-------- Entries supplied

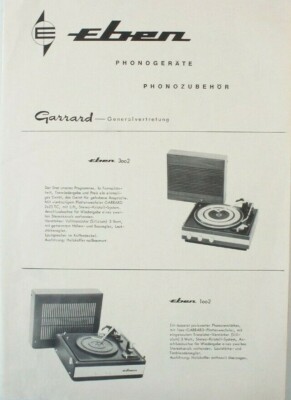 Infoblatt eben Garrard Generalvertretung Garrard 401 AP75 SL75 SL95 B-15383
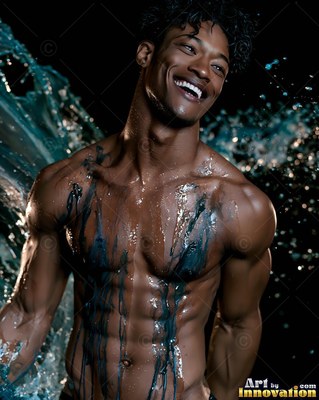 Bare-chested man smiling dripping with dark paint and blue water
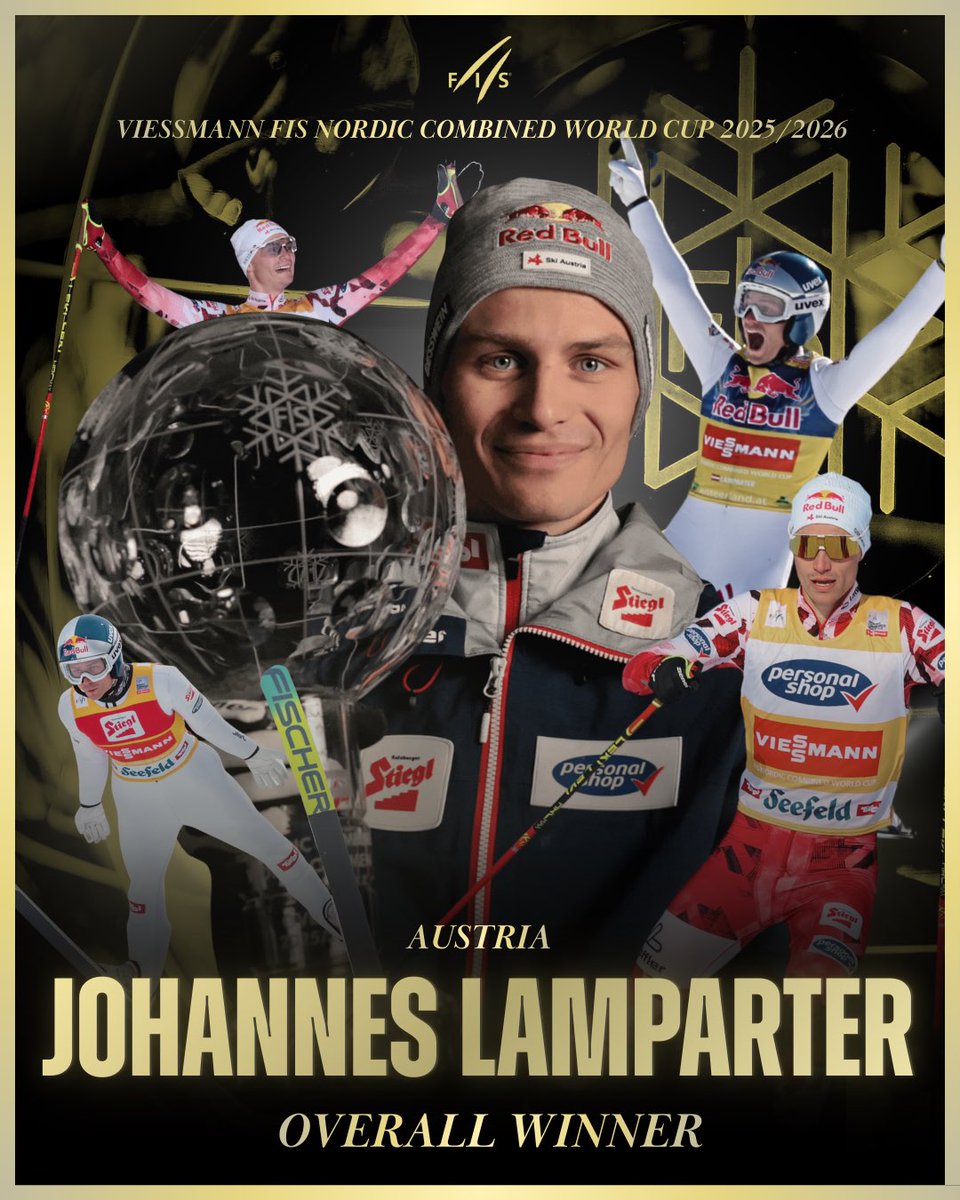 fisnoco's tweet photo. JOHANNES LAMPARTER🇦🇹 - WINNER OF THE NORDIC COMBINED OVERALL WORLD CUP 2025/26🏆✨

In the yellow bib from the first race in Ruka until the final in Oslo, what an achievement!👏

#fisnoco #nordiccombined #wintersport #champion https://t.co/8lwqBtZCci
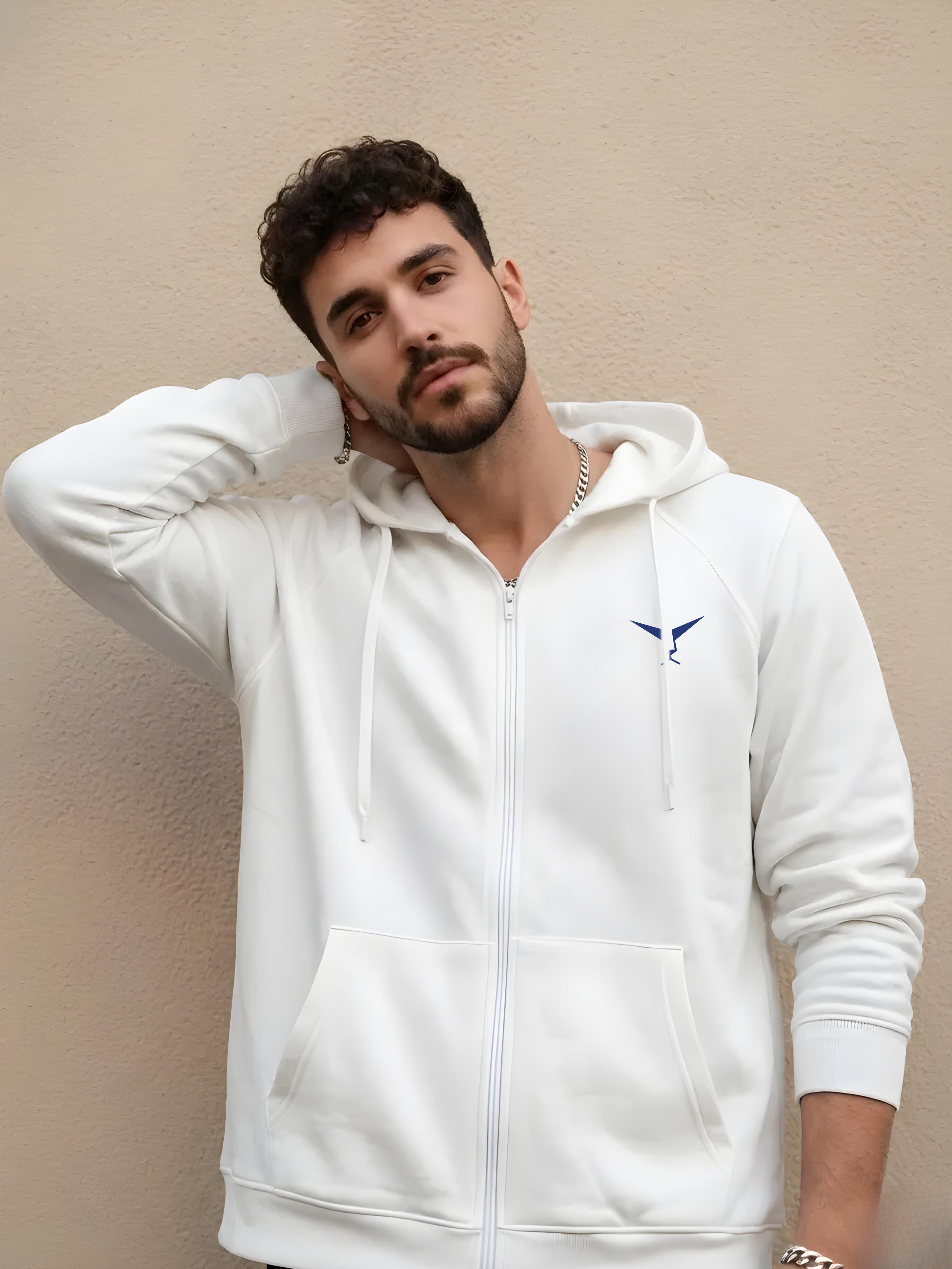 Solid Full Sleeve Zipper Hoodie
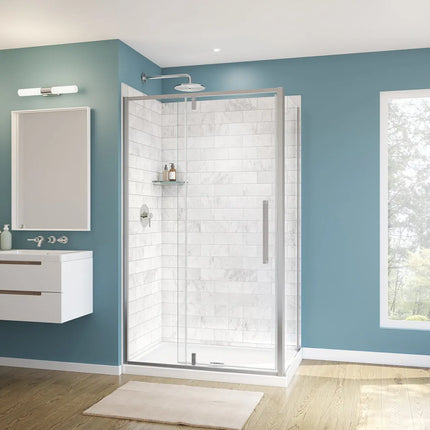 Uptown 45-47 x 76 in. 8 mm Pivot Shower Door for Alcove Installation with Clear glass in Chrome - Plumbing Market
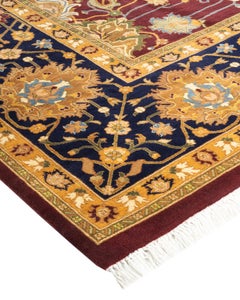 Handgeknüpfter orientalischer Mogul-Roter Teppich, Unikat, Unikat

----------------

§ Work order: The answer should consist only of the lines from the one with "In the yellow" through the last line of the material above, copied exactly, with no pictures.

§ Exercise solution:
In the yellow bib from the first race in Ruka until the final in Oslo, what an achievement!👏

#fisnoco #nordiccombined #wintersport #champion https://t.co/8lwqBtZCci
 Solid Full Sleeve Zipper Hoodie
 Uptown 45-47 x 76 in. 8 mm Pivot Shower Door for Alcove Installation with Clear glass in Chrome - Plumbing Market
 Handgeknüpfter orientalischer Mogul-Roter Teppich, Unikat, Unikat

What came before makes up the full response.